= Alexandria Lafci =

American social entrepreneur

Alexandria Lafci is an American social entrepreneur and venture capitalist dedicated to closing the housing gap. For her efforts towards building affordable housing, she has been named a Forbes 30 Under 30.

== Early life ==
Alexandria Lafci grew up in Section 8 housing and endured housing instability growing up.

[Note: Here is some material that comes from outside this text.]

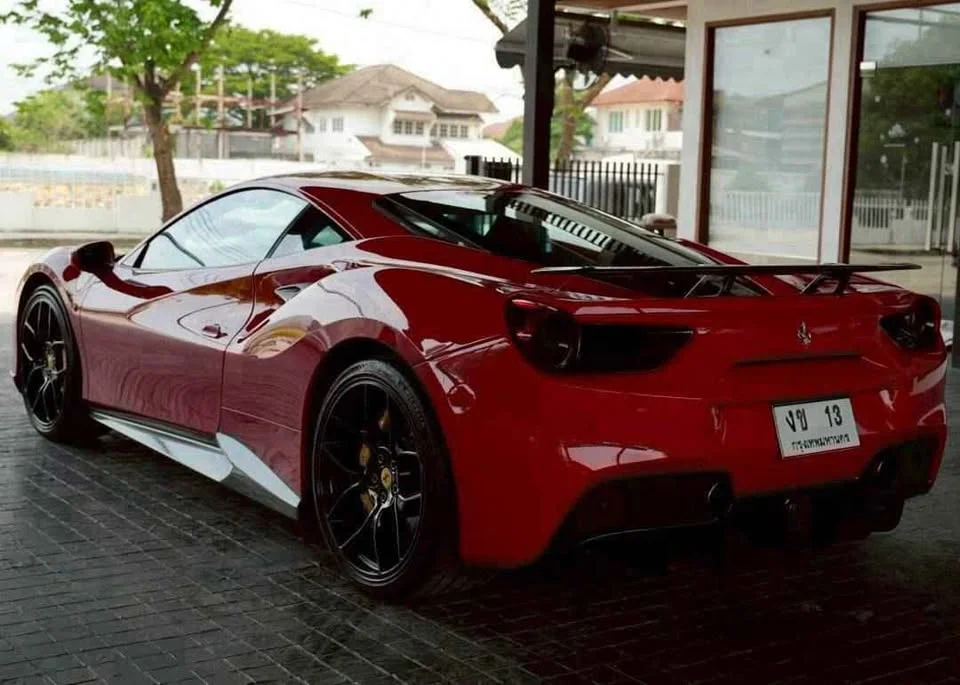 2016 Ferrari 488 3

She attended Boston University where she graduated with a bachelor's degree in international relations.

== Career ==
After graduating from college, she worked for Teach For America for two years teaching sixth grade English, and then worked in operations management for an industrial supply firm in Atlanta. She has said that nearly one-third of all the students she taught in Washington, DC experienced homelessness during the school year.

=== New Story ===
In 2014, Lafci met her co-founders at a social entrepreneurship gathering, and they started the non-profit New Story with the aim to build affordable homes for people living with inadequate shelter. They applied and were accepted into Y Combinator in 2015. Since then, New Story has built more than 2,000 homes across Haiti, El Salvador, Mexico, and Bolivia; it focuses on building clusters of houses and gives full ownership to families. New Story has partnered with 3-D printing companies and has stated that they can print a new, 600 square foot home for under $4,000 within 24 hours.

=== Hometeam Ventures ===
In 2021, Lafci founded the venture fund Hometeam Ventures with the goal of investing into startups in the construction and housing industries in order to close the housing gap. The fund raised $18 million, which is one of the largest fundraises for a Black female general partner; a notable investor was Alexis Ohanian.